===== Provided entries

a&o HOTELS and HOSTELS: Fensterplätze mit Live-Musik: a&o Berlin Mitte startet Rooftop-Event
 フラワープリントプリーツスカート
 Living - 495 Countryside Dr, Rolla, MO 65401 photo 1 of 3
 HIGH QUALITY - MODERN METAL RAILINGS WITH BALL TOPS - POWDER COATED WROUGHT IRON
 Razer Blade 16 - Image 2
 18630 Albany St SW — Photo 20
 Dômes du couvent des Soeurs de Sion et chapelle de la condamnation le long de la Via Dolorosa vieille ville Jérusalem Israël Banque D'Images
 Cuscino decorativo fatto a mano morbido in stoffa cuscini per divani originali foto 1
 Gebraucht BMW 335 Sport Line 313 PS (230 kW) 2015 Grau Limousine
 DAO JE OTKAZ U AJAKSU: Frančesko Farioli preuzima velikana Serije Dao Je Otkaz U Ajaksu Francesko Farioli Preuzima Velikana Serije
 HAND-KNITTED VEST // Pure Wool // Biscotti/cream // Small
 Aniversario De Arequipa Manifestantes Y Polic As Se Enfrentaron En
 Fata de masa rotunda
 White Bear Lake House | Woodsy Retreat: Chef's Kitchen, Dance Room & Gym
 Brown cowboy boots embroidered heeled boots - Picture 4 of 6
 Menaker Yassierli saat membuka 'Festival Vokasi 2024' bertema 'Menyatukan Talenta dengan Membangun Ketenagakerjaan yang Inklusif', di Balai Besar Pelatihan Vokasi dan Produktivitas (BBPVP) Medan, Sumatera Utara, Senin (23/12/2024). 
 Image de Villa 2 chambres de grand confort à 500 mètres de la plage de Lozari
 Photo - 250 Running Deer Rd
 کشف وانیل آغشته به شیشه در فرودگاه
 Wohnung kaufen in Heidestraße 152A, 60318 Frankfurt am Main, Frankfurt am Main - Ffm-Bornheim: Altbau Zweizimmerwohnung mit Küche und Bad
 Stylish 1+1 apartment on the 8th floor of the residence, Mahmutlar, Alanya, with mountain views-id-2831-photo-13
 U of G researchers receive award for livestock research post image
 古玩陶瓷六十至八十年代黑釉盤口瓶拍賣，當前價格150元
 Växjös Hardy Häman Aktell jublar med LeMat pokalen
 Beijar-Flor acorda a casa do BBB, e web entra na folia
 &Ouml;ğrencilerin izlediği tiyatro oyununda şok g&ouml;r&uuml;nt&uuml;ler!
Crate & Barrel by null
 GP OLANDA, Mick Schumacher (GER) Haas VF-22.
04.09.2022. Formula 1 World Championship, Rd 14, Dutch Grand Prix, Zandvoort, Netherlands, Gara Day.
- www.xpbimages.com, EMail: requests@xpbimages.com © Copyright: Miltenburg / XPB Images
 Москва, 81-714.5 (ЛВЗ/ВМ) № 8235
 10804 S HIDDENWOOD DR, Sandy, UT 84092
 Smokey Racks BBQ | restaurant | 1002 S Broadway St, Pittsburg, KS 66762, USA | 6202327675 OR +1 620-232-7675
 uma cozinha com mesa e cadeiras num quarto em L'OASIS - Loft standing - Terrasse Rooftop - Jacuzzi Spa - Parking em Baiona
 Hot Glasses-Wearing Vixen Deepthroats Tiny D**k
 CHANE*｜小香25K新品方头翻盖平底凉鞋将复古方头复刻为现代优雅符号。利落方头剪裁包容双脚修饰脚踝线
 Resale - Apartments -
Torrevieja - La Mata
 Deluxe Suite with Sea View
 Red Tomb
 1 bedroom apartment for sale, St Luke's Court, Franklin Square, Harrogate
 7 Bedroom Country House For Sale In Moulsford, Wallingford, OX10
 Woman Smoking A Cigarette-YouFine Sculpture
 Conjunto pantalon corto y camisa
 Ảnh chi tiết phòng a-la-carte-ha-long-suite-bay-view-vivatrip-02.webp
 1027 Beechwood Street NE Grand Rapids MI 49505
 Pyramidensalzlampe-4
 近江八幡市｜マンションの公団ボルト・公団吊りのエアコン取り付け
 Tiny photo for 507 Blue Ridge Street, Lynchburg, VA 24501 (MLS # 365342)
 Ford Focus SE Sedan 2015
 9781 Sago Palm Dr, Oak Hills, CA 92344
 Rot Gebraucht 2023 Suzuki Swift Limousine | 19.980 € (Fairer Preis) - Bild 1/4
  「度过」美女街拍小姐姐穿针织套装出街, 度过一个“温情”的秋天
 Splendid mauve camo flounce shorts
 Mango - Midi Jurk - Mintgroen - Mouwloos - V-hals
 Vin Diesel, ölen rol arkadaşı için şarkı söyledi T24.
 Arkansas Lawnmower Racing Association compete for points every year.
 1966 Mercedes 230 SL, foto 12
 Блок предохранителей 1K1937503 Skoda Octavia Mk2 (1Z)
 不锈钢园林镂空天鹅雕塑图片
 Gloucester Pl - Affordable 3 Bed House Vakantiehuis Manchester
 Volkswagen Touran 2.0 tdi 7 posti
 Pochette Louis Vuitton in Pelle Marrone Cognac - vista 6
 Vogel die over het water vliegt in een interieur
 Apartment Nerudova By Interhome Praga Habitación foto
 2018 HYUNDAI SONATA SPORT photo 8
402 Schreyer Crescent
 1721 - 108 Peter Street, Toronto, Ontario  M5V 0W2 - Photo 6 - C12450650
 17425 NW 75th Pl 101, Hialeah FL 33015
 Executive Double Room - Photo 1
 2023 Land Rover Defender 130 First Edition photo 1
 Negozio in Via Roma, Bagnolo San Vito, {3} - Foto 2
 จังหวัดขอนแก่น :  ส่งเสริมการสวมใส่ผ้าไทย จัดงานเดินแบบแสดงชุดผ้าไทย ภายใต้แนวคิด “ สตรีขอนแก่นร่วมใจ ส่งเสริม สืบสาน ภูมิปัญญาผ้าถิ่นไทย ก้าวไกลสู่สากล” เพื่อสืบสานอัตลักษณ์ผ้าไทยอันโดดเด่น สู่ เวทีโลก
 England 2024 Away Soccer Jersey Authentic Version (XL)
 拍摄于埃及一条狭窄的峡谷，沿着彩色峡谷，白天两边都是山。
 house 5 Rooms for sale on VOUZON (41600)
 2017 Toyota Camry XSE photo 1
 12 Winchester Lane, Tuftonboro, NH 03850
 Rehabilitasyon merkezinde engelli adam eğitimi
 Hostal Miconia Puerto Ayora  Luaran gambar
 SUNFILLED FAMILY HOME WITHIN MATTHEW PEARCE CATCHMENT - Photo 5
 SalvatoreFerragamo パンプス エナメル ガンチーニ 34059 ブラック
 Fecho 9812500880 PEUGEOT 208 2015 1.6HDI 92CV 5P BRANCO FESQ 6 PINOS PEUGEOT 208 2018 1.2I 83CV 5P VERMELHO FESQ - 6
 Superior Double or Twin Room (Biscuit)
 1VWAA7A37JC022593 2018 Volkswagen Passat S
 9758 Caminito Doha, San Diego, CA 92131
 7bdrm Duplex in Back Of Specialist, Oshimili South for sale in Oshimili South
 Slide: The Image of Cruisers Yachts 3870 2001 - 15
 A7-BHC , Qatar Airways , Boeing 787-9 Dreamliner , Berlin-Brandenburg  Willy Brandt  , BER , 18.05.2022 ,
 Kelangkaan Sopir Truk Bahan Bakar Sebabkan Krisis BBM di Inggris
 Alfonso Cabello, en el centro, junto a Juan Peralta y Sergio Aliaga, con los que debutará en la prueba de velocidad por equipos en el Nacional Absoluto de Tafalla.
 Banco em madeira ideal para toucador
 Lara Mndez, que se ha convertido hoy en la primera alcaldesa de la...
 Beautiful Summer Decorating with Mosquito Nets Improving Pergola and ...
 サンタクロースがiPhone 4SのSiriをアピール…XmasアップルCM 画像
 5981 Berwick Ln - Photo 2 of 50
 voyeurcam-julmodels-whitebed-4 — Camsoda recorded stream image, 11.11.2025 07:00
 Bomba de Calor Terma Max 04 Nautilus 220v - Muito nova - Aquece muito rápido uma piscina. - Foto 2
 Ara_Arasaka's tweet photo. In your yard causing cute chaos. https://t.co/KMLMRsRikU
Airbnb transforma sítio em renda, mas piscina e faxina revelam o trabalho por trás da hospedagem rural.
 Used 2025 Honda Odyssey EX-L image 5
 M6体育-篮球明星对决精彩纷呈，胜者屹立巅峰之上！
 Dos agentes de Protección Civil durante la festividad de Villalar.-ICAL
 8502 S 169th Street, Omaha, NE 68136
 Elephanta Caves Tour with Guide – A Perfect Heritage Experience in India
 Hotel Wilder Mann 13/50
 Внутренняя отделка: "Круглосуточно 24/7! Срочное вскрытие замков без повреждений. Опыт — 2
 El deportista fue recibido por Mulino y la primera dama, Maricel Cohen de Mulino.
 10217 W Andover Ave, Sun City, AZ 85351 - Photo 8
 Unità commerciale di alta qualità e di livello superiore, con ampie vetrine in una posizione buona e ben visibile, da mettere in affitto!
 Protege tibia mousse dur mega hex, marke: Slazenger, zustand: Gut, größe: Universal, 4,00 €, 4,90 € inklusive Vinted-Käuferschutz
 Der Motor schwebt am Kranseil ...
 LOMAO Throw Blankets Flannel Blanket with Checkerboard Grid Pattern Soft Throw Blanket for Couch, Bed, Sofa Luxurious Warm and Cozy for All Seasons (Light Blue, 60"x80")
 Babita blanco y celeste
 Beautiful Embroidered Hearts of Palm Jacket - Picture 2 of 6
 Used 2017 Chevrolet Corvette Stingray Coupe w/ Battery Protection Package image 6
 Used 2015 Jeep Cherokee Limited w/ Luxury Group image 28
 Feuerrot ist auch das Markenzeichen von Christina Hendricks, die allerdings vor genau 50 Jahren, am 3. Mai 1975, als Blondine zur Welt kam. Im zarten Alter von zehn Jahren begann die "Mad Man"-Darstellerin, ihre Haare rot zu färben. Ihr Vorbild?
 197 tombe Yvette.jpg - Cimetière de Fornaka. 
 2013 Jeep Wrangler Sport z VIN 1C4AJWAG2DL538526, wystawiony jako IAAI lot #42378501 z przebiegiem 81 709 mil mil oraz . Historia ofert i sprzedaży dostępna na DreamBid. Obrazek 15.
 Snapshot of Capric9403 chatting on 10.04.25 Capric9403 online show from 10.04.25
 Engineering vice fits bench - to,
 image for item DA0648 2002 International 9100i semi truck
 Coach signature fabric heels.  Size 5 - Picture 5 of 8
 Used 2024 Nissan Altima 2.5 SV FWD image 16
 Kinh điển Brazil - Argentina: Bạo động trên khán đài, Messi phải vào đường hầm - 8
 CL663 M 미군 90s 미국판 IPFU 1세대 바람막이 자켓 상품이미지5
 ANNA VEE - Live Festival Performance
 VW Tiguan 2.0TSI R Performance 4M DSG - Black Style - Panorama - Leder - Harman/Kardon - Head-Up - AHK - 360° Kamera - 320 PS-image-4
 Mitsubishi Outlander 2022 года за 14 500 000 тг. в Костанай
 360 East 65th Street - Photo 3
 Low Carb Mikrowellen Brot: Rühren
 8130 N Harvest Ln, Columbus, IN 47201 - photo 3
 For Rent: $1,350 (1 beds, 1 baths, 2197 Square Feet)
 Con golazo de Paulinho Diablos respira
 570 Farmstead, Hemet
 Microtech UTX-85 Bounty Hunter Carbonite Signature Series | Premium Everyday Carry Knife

==========

In the data above, retype exactly and only the lines between the one holding "Conjunto pantalon corto y camisa" and the one holding "Tiny photo for", inclusive.

 Conjunto pantalon corto y camisa
 Ảnh chi tiết phòng a-la-carte-ha-long-suite-bay-view-vivatrip-02.webp
 1027 Beechwood Street NE Grand Rapids MI 49505
 Pyramidensalzlampe-4
 近江八幡市｜マンションの公団ボルト・公団吊りのエアコン取り付け
 Tiny photo for 507 Blue Ridge Street, Lynchburg, VA 24501 (MLS # 365342)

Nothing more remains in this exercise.